TASK GOAL: Output all of the material beneath this line exactly as it is.

DATA IN THIS EXERCISE:
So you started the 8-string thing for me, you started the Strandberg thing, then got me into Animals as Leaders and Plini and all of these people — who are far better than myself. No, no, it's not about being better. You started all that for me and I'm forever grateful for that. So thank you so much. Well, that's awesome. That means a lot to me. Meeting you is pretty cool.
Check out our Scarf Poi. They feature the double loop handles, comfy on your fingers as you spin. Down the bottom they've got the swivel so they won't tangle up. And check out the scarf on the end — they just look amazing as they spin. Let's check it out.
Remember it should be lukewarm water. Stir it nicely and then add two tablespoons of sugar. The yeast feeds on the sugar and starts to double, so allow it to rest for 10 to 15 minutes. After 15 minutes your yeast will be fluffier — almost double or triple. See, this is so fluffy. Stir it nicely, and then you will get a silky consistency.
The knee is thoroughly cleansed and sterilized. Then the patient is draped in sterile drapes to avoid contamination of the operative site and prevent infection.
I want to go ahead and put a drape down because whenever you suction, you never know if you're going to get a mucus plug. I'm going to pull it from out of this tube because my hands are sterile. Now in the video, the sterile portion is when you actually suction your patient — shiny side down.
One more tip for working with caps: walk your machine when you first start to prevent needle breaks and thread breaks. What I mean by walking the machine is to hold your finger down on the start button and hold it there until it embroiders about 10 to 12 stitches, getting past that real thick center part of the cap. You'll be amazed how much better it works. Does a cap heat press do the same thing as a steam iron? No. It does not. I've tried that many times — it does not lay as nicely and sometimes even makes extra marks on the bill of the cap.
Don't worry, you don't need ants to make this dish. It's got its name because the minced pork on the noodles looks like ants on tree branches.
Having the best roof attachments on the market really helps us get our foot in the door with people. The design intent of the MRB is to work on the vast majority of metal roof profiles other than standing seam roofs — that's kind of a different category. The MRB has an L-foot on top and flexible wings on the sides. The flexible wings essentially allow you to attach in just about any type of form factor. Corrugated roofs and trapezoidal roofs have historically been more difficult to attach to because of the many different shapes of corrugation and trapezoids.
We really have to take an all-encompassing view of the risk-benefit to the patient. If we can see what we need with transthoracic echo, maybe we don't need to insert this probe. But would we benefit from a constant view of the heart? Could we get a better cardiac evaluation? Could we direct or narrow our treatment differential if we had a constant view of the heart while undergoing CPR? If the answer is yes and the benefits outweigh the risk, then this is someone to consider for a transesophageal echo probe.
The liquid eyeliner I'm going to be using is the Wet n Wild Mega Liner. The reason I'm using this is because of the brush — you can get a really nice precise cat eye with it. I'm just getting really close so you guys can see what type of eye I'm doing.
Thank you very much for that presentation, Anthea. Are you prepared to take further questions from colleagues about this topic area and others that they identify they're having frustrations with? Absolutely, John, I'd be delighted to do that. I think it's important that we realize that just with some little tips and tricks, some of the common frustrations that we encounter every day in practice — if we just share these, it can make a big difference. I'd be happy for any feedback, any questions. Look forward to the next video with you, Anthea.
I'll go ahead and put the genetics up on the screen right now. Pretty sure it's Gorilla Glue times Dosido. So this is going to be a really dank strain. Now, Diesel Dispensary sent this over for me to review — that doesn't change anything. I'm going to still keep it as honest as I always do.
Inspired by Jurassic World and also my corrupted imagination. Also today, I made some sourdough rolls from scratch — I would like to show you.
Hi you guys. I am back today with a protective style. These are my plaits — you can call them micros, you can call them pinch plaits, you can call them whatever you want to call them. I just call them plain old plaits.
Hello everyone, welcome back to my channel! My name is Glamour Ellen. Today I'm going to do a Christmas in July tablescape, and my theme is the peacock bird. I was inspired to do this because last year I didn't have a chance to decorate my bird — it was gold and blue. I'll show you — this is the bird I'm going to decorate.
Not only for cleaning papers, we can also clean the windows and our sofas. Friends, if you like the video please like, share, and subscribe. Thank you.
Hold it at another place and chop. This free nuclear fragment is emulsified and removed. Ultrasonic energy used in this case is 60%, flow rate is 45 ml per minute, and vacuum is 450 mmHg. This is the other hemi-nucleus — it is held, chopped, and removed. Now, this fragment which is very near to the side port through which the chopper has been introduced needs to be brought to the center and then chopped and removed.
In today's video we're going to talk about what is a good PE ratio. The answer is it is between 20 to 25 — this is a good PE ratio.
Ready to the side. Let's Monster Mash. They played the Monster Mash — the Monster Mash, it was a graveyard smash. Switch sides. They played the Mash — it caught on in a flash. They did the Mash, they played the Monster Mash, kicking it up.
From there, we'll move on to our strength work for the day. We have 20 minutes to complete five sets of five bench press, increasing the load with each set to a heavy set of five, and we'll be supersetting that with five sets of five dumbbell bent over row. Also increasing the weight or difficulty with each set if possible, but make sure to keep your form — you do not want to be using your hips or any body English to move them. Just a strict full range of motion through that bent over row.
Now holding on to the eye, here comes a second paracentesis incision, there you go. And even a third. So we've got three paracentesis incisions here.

EXERCISE RESULT:
So you started the 8-string thing for me, you started the Strandberg thing, then got me into Animals as Leaders and Plini and all of these people — who are far better than myself. No, no, it's not about being better. You started all that for me and I'm forever grateful for that. So thank you so much. Well, that's awesome. That means a lot to me. Meeting you is pretty cool.
Check out our Scarf Poi. They feature the double loop handles, comfy on your fingers as you spin. Down the bottom they've got the swivel so they won't tangle up. And check out the scarf on the end — they just look amazing as they spin. Let's check it out.
Remember it should be lukewarm water. Stir it nicely and then add two tablespoons of sugar. The yeast feeds on the sugar and starts to double, so allow it to rest for 10 to 15 minutes. After 15 minutes your yeast will be fluffier — almost double or triple. See, this is so fluffy. Stir it nicely, and then you will get a silky consistency.
The knee is thoroughly cleansed and sterilized. Then the patient is draped in sterile drapes to avoid contamination of the operative site and prevent infection.
I want to go ahead and put a drape down because whenever you suction, you never know if you're going to get a mucus plug. I'm going to pull it from out of this tube because my hands are sterile. Now in the video, the sterile portion is when you actually suction your patient — shiny side down.
One more tip for working with caps: walk your machine when you first start to prevent needle breaks and thread breaks. What I mean by walking the machine is to hold your finger down on the start button and hold it there until it embroiders about 10 to 12 stitches, getting past that real thick center part of the cap. You'll be amazed how much better it works. Does a cap heat press do the same thing as a steam iron? No. It does not. I've tried that many times — it does not lay as nicely and sometimes even makes extra marks on the bill of the cap.
Don't worry, you don't need ants to make this dish. It's got its name because the minced pork on the noodles looks like ants on tree branches.
Having the best roof attachments on the market really helps us get our foot in the door with people. The design intent of the MRB is to work on the vast majority of metal roof profiles other than standing seam roofs — that's kind of a different category. The MRB has an L-foot on top and flexible wings on the sides. The flexible wings essentially allow you to attach in just about any type of form factor. Corrugated roofs and trapezoidal roofs have historically been more difficult to attach to because of the many different shapes of corrugation and trapezoids.
We really have to take an all-encompassing view of the risk-benefit to the patient. If we can see what we need with transthoracic echo, maybe we don't need to insert this probe. But would we benefit from a constant view of the heart? Could we get a better cardiac evaluation? Could we direct or narrow our treatment differential if we had a constant view of the heart while undergoing CPR? If the answer is yes and the benefits outweigh the risk, then this is someone to consider for a transesophageal echo probe.
The liquid eyeliner I'm going to be using is the Wet n Wild Mega Liner. The reason I'm using this is because of the brush — you can get a really nice precise cat eye with it. I'm just getting really close so you guys can see what type of eye I'm doing.
Thank you very much for that presentation, Anthea. Are you prepared to take further questions from colleagues about this topic area and others that they identify they're having frustrations with? Absolutely, John, I'd be delighted to do that. I think it's important that we realize that just with some little tips and tricks, some of the common frustrations that we encounter every day in practice — if we just share these, it can make a big difference. I'd be happy for any feedback, any questions. Look forward to the next video with you, Anthea.
I'll go ahead and put the genetics up on the screen right now. Pretty sure it's Gorilla Glue times Dosido. So this is going to be a really dank strain. Now, Diesel Dispensary sent this over for me to review — that doesn't change anything. I'm going to still keep it as honest as I always do.
Inspired by Jurassic World and also my corrupted imagination. Also today, I made some sourdough rolls from scratch — I would like to show you.
Hi you guys. I am back today with a protective style. These are my plaits — you can call them micros, you can call them pinch plaits, you can call them whatever you want to call them. I just call them plain old plaits.
Hello everyone, welcome back to my channel! My name is Glamour Ellen. Today I'm going to do a Christmas in July tablescape, and my theme is the peacock bird. I was inspired to do this because last year I didn't have a chance to decorate my bird — it was gold and blue. I'll show you — this is the bird I'm going to decorate.
Not only for cleaning papers, we can also clean the windows and our sofas. Friends, if you like the video please like, share, and subscribe. Thank you.
Hold it at another place and chop. This free nuclear fragment is emulsified and removed. Ultrasonic energy used in this case is 60%, flow rate is 45 ml per minute, and vacuum is 450 mmHg. This is the other hemi-nucleus — it is held, chopped, and removed. Now, this fragment which is very near to the side port through which the chopper has been introduced needs to be brought to the center and then chopped and removed.
In today's video we're going to talk about what is a good PE ratio. The answer is it is between 20 to 25 — this is a good PE ratio.
Ready to the side. Let's Monster Mash. They played the Monster Mash — the Monster Mash, it was a graveyard smash. Switch sides. They played the Mash — it caught on in a flash. They did the Mash, they played the Monster Mash, kicking it up.
From there, we'll move on to our strength work for the day. We have 20 minutes to complete five sets of five bench press, increasing the load with each set to a heavy set of five, and we'll be supersetting that with five sets of five dumbbell bent over row. Also increasing the weight or difficulty with each set if possible, but make sure to keep your form — you do not want to be using your hips or any body English to move them. Just a strict full range of motion through that bent over row.
Now holding on to the eye, here comes a second paracentesis incision, there you go. And even a third. So we've got three paracentesis incisions here.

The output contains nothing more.